Boucher saw something in the young man who had once batted .543
with 10 home runs in little league. He decided to let him hit.
Seaver responded with a grand slam to win the game. He pitched and
won a second game in the tournament, earning summer All-American
honors from the National Baseball Congress. For the first time,
professional scouts were evaluating him.
“We had a lot of players who could throw the
ball harder than Tom,” Boucher recalled. “His fastball moved well,
but he was no Sandy Koufax. His curve and slider were not much
better than average by college standards. His greatest asset was
his tremendous will to win. And he had this super concentration. He
believed he could put the ball right
through
the bat if he
wanted to.”
Dedeaux called Boucher and inquired of
several USC players on the Fairbanks roster. Boucher interrupted
him to say that Seaver would be “your best pitcher.” Boucher
assured him that he would “bet on it,” to which Dedeaux replied
that the Alaska manager was so high on the kid “I really don’t have
any choice.”
Seaver had finally assured himself of the
scholarship. He arrived at USC during a golden age on campus and in
Los Angeles. That fall of 1964, quarterback Craig Fertig led the
Trojans to a breathtaking comeback victory over Notre Dame, 20-17.
USC’s running back, Mike Garrett, would go on to become the first
of the school’s seven Heisman Trophy winners.
The actor Tom Selleck, a basketball, baseball and
volleyball star out of Van Nuys High School, was on campus. A few
years separated them, but Seaver and Bill Lee were in the program
at the same time. It was a dominant age, under athletic director
Jess Hill the greatest sustained sports run in college history.
Aside from Dedeaux’s perennial champions, John McKay’s football
team won two national titles and two Heismans in the decade. The
track, swimming and tennis teams won NCAA titles with
regularity.
Cross-town, John Wooden’s UCLA basketball dynasty
was just heating up that year. Big league baseball was in full
swing on the West Coast. The Los Angeles Angels were an expansion
team. The Giants and Dodgers had continued their rivalry in
California. Sandy Koufax and the Dodgers sold out the beautiful new
Dodger Stadium and won the World Series twice in three years.

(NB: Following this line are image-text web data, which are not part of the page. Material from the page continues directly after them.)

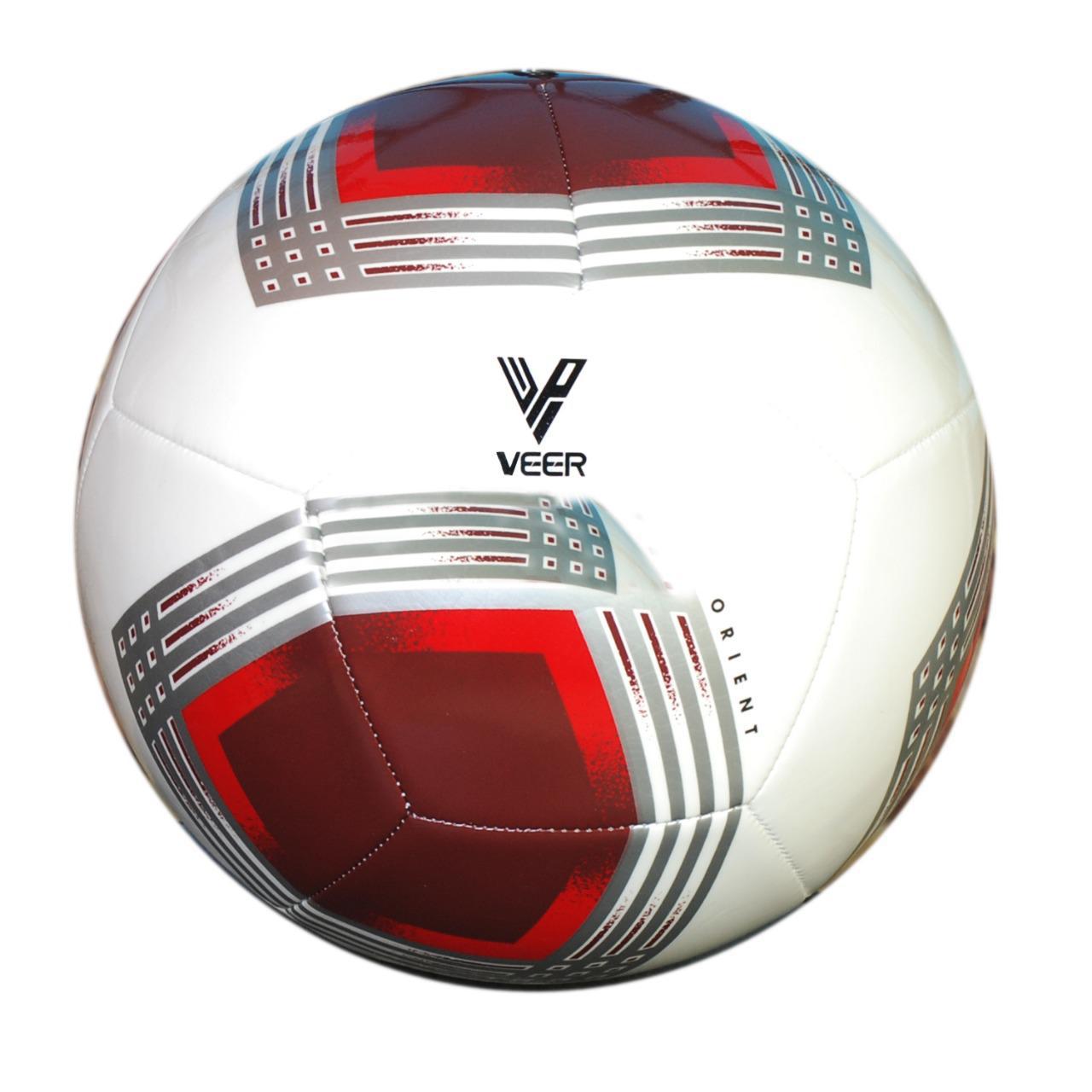 Miniatura Bola Futebol Oficial Campo Adulto Profissional 5 Orient Red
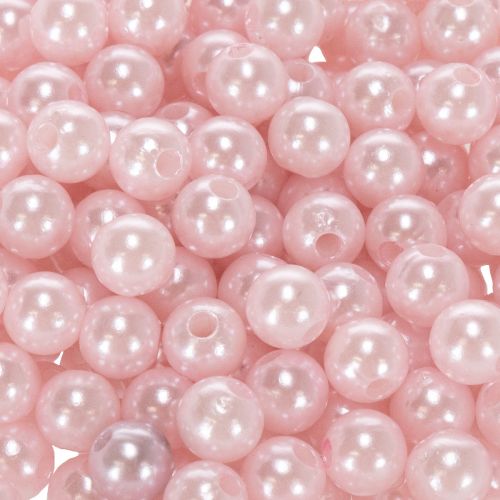 Perles décoratives Ø8mm rose 250 pcs | Floristik24.be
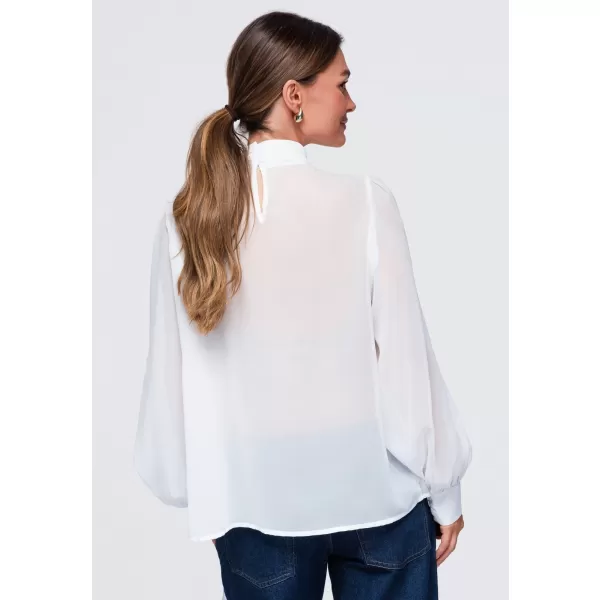  Ženska bluza OMBRE OW-TS-E0085 BIJELA 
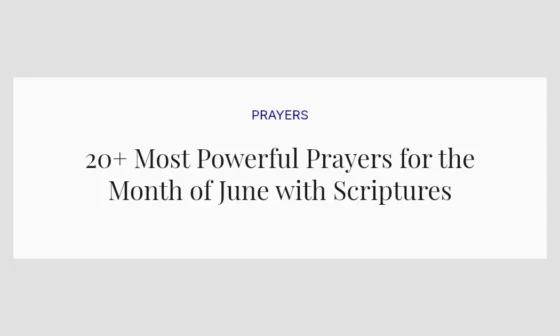 20+ Most Powerful Prayers for the Month of June with Scriptures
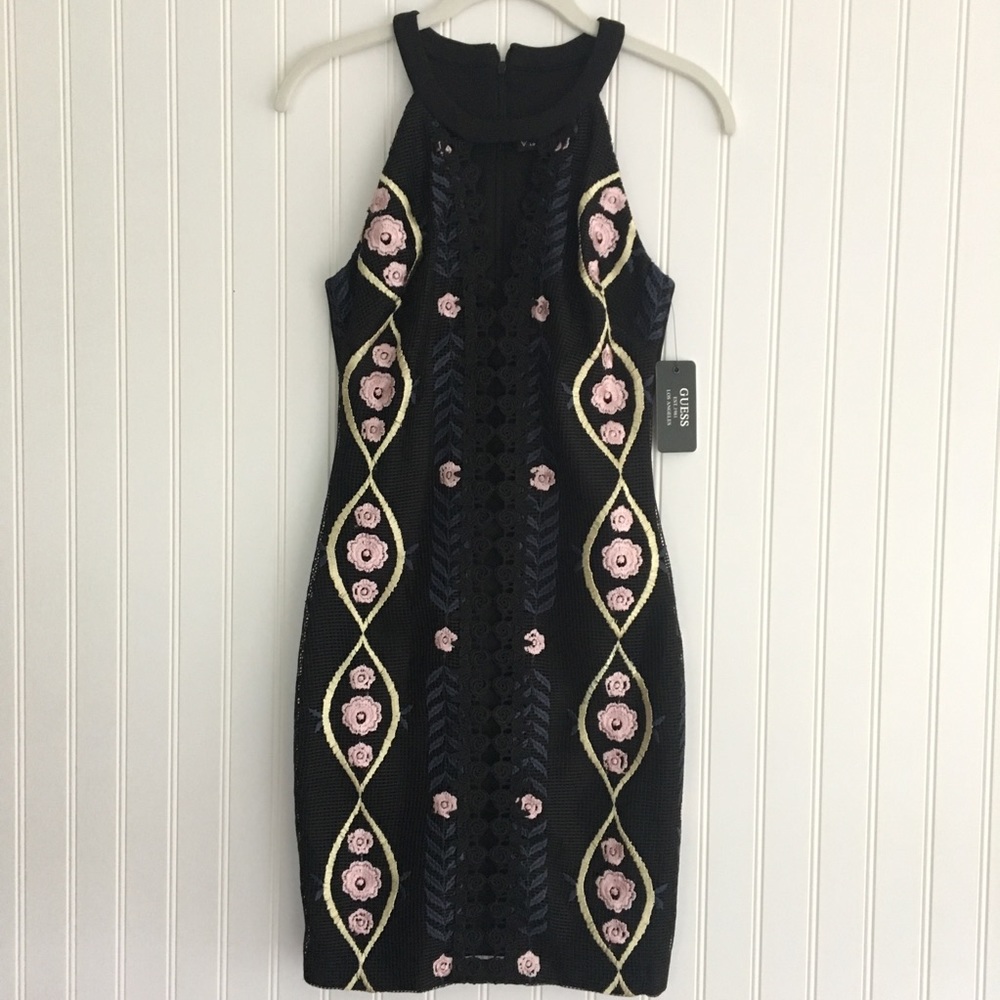 Guess body con black dress SIZE 0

The famed USC film school also became world
class at that time. Two of their most famous students were in
school when Seaver was there. George Lucas would create the
blockbuster
Star Wars
series. John Milius wrote the
screenplays
Dirty Harry
and
Magnum Force
; then
directed
The Wind and the Lion
and
Red Dawn
, among
many others. He would become known as the most conservative
filmmaker in notoriously liberal Hollywood. Another aspiring film
student was turned down by USC. Steven Spielberg had to settle for
Long Beach State, but as friends with Lucas and Milius, Spielberg
was hanging around the campus so much he seemed to have
matriculated there.
Those three became friends with Francis Ford
Coppola, who was attending film school at UCLA along with future
Doors’ rock legends Jim Morrison, Ray Manzarek and John Densmore.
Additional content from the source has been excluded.